WASHINGTON (JTA) — Obama administration officials reconfirmed to Jewish leaders that the Untied States is unlikely to participate in the Durban II conference.
Participants in the conference call between the administration and Jewish leaders said administration officials reaffirmed a State Department statement on Monday that said that while the government believes there have been improvements in the conference’s draft document, the changes were insufficient to allow the U.S. to take part in the U.N.-sponsored anti-racism conference.
Specifically, the State Department statement noted that the document cannot reaffirm the 2001 Durban conference’s draft document — which, by mentioning the "plight of the Palestinian people," places Israel’s treatment of Palestinians in the context of race – and that the U.S. cannot support restrictions on freedom of expression that could result from the document’s language related to "incitement" to religious hatred.

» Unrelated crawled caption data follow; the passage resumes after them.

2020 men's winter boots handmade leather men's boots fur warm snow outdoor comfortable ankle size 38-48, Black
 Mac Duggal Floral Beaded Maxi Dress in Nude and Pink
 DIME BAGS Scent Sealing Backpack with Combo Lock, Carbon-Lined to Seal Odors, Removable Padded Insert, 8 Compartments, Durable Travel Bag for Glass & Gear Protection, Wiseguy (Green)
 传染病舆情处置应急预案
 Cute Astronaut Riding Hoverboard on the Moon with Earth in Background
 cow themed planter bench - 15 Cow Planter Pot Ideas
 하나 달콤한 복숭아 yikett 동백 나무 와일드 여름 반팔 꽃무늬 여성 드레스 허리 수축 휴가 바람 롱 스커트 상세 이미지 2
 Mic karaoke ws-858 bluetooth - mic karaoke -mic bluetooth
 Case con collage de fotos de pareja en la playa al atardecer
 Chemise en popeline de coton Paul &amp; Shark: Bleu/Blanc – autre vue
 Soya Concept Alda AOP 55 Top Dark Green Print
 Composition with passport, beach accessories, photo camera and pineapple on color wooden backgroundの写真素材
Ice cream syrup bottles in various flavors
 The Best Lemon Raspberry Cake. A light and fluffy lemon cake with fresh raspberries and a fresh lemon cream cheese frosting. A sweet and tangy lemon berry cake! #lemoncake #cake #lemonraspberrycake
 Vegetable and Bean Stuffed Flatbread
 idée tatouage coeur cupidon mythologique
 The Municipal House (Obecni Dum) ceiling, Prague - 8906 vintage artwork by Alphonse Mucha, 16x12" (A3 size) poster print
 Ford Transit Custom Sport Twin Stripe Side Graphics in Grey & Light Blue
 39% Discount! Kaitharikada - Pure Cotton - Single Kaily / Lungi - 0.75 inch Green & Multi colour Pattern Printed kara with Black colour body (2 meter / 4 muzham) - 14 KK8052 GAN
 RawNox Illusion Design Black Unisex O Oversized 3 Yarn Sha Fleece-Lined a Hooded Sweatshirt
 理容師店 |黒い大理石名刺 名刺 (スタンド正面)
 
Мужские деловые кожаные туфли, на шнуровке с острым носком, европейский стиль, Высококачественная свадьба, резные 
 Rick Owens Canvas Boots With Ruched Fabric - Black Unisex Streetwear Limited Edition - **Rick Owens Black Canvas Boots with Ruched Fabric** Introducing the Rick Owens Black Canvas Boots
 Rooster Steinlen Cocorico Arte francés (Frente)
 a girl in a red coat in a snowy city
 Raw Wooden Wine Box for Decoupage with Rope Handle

The statement did commend the elimination of the language singling out Israel and passages calling for slavery reparations and supporting the concept of "defamation of religion." The statement also did not rule out U.S. attendance at the parley if those conditions were met before the conference’s commencement on Monday.
According to one participant on the call, administration officials said the upbeat tone of the State Department statement — which expressed hope that U.S. concerns would be addressed — was to provide encouragement to those working to make the document better, and not meant to imply that the administration was any closer to participation.
The call comes after anonymously sourced articles in the Israeli press reported that the U.S. was considering participating in the conference.
The conference on racism, scheduled for April 20-24 in Geneva, is a follow-up to the 2001 conference in Durban, South Africa. The U.S. pulled out of that gathering after it turned into an anti-Israel and anti-Jewish hate fest.